El País / Cuando murió en una residencia para indigentes de Chicago, Vivian Maier no se imaginaba ni de lejos que en los años siguientes se convertiría en un fenómeno viral, capaz de mover masas dispuestas a guardar largas colas para acceder a sus muestras. De ser una completa desconocida, en cinco años Vivian Maier (Nueva York, 1926-Chicago, 2009), fotógrafa amateur y niñera de profesión, pasó a codearse con los grandes. Se la compara con Diane Arbus y Lee Friedlander y pese a las altas cotizaciones, las copias modernas de sus obras se venden a tal ritmo que muchas ya están agotadas.Ahora el fenómeno llega a España, de la mano de la Fundación Foto Colectania de Barcelona, que exhibe 79 fotos y 9 películas reunidas en la muestra Vivian Maier. In her own hands, abierta hasta el 10 de septiembre. “Una gran parte del material no sólo es inédito sino que se ha revelado por primera vez, ni siquiera la propia Maier lo había visto. Era una niñera y pese a que en la casa donde sirvió 17 años había montado un cuarto oscuro en el baño, su posibilidad económica era reducida de modo que sólo hay 5.000 fotografías reveladas de los 120.000 negativos que componen su archivo”, indica Anne Morin, comisaria de la exposición que proseguirá por Italia y Canadá.
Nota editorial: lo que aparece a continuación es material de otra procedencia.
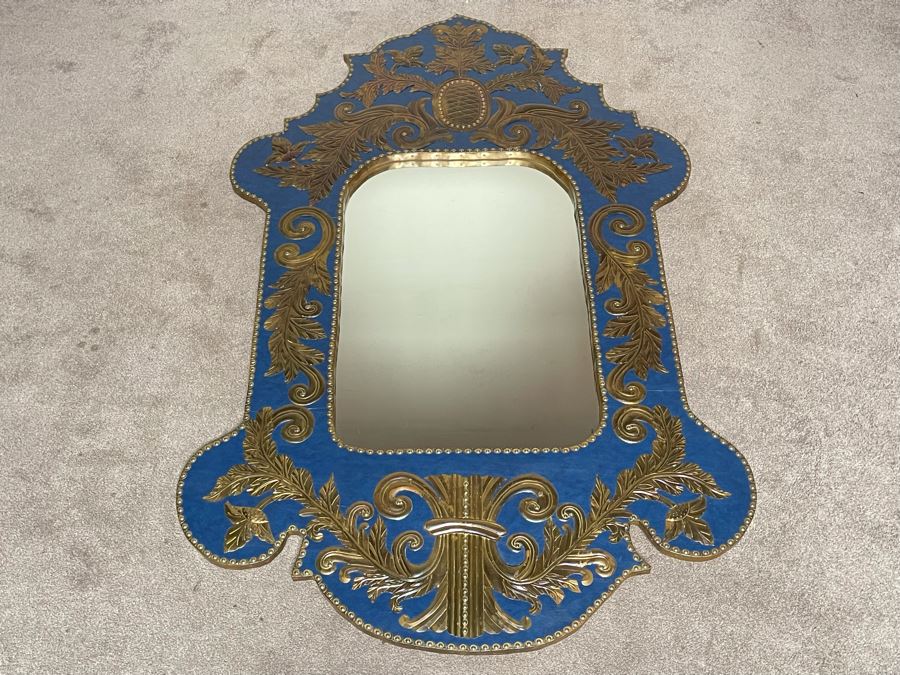 Large Wall Mirror With Metal Applique Decorations 43W X 69H [Photo 2]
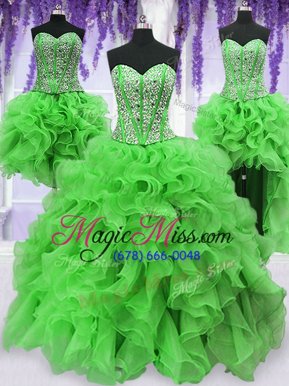 Luxurious Four Piece Organza Sweetheart Sleeveless Lace Up Beading and Ruffles Sweet 16 Dresses in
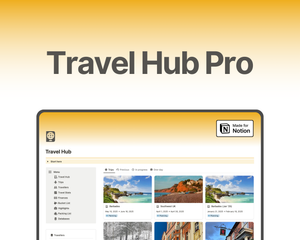 Travel Hub is a comprehensive all-in-one Notion template that lets you plan all your trips in one place, collaborate with others, track expenses and itineraries, analyze travel statistics, create packing lists, add travel documents, and review country information for quick planning.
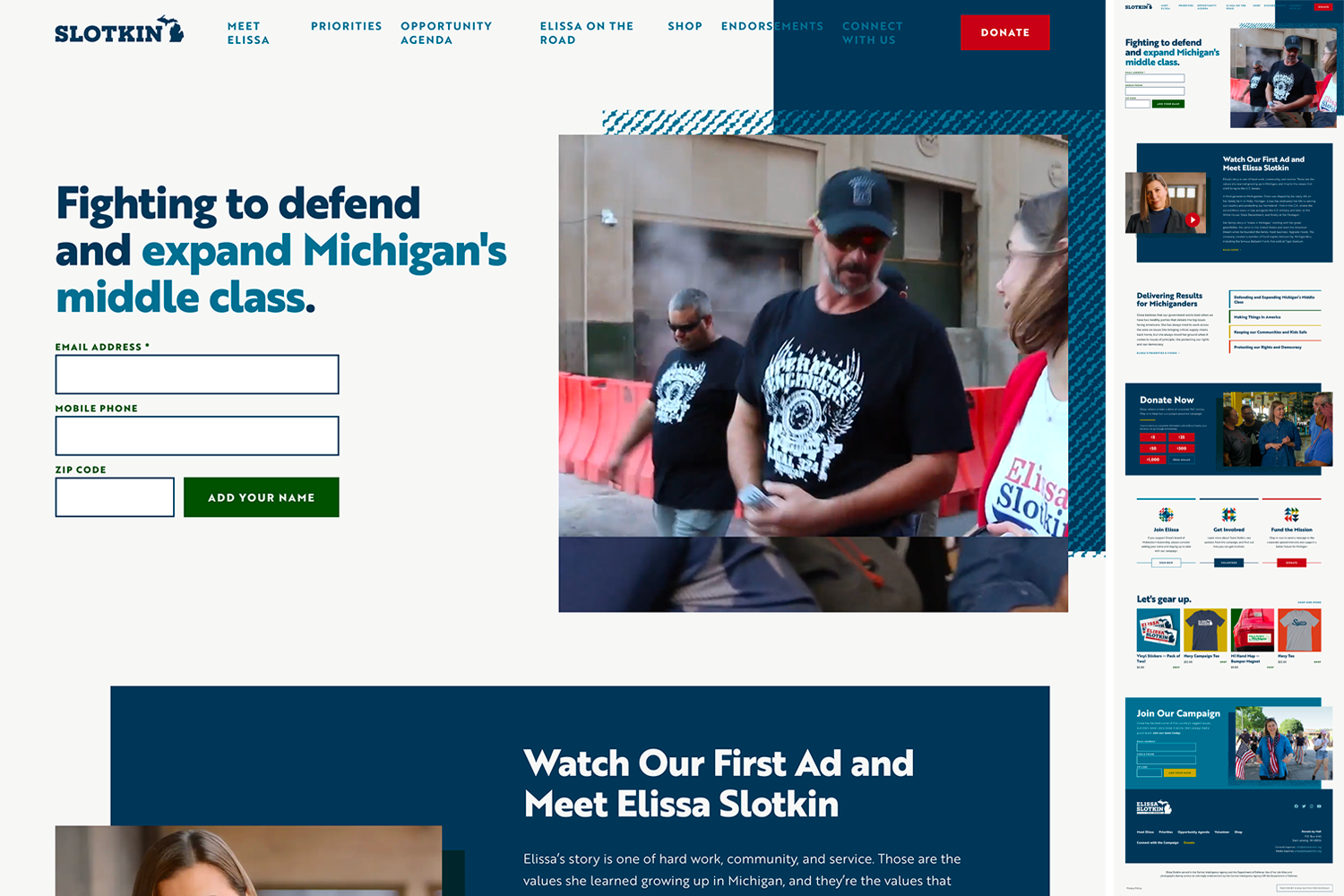 Elissa Slotkin for Michigan website screenshot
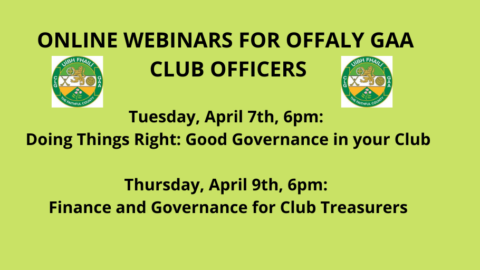 Online Webinars For Offaly GAA Club Officers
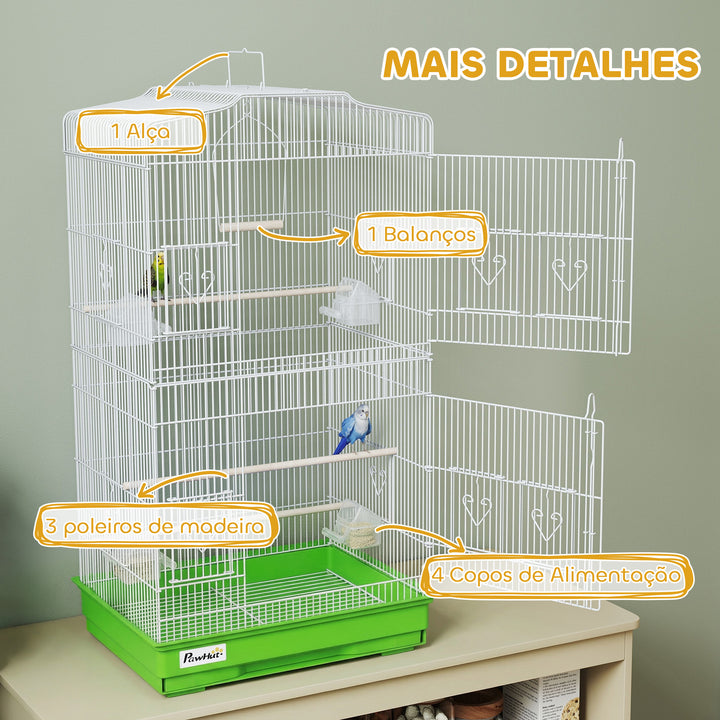 Gaiola para Pássaros, Gaiola de Metal com Portas 4 Comedouros 3 Poleiros Baloiço Bandeja Removível e Alça de Transporte para Loro Canário Periquito 46,5x35,5x92 cm Verde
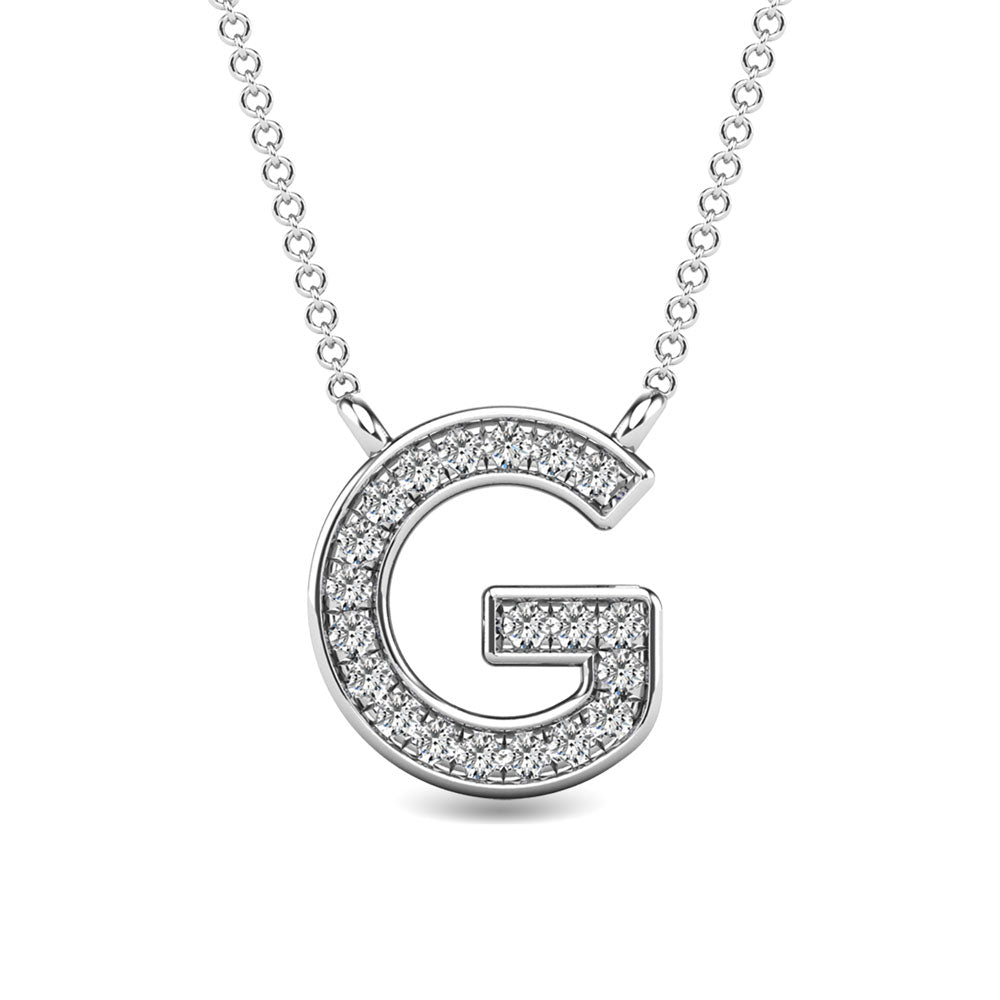 Diamond 1/20 Ct.Tw. Letter G Pendant in 10K White Gold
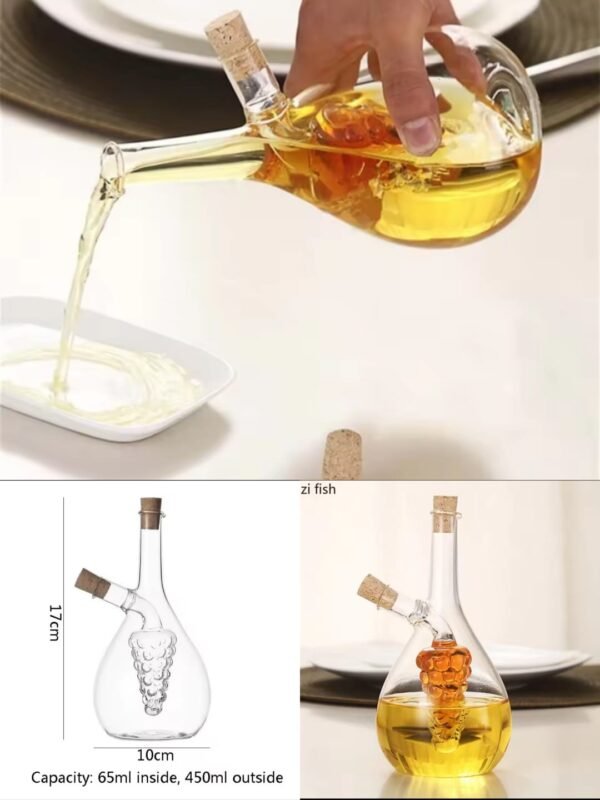 2 in 1 double layer glass olive oil bottle @900 - Image 2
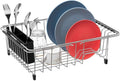 SANNO Dish Drying Rack, Large Dish Rack Adjustable Deep Dish Drainer with Removable Silverware Holder, Deep Large Dish Rack in Sink On Counter, Expandable Arms, Stainless Steel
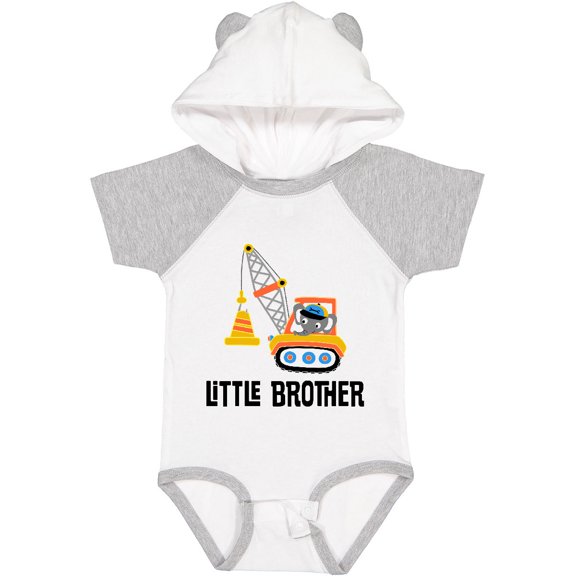 Inktastic Little Brother Construction Truck Boys Boys Baby Bodysuit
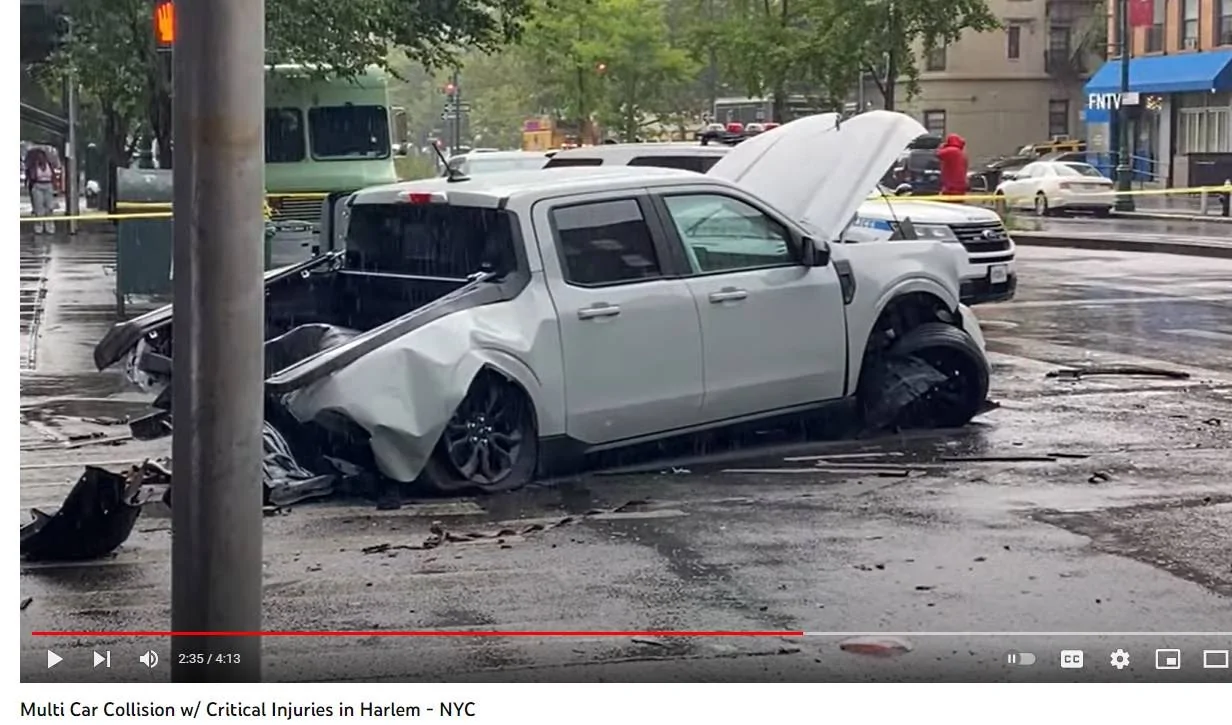 Ford Maverick Crash & Totaled. Unibody Bent Harlem NYC June2023  (5)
“He fotografiado los momentos de vuestras eternidad para que no se perdieran”, escribe Maier a los niños ya crecidos de la familia Ginsburg. Sin embargo, sólo el destino, bajo la semblanza del historiador John Maloof, salvó estos momentos del olvido para entregarlos a la historia del arte. “Era mayor y sin recursos, habría podido destruir su archivo, pero lo guardó en un almacén y cuando ya no pudo pagarlo sus pertenencias se vendieron en una subasta”, explica Pepe Font de Mora, director de Colectania. Así fue como en 2007, Maloof, que buscaba fotos de época para su libro sobre Chicago, compró por 380 dólares la caja de negativos, que hoy se considera una de las colecciones de street photography más importantes del siglo XX. “Maloof no la aprovechó enseguida y a los dos años empezó a colgar alguna foto en Internet y a vender piezas suelta por eBay, hasta que el fotógrafo y cineasta Allan Sekula las vio y le avisó de que estaba a punto de desperdigar un patrimonio”, dice Morin.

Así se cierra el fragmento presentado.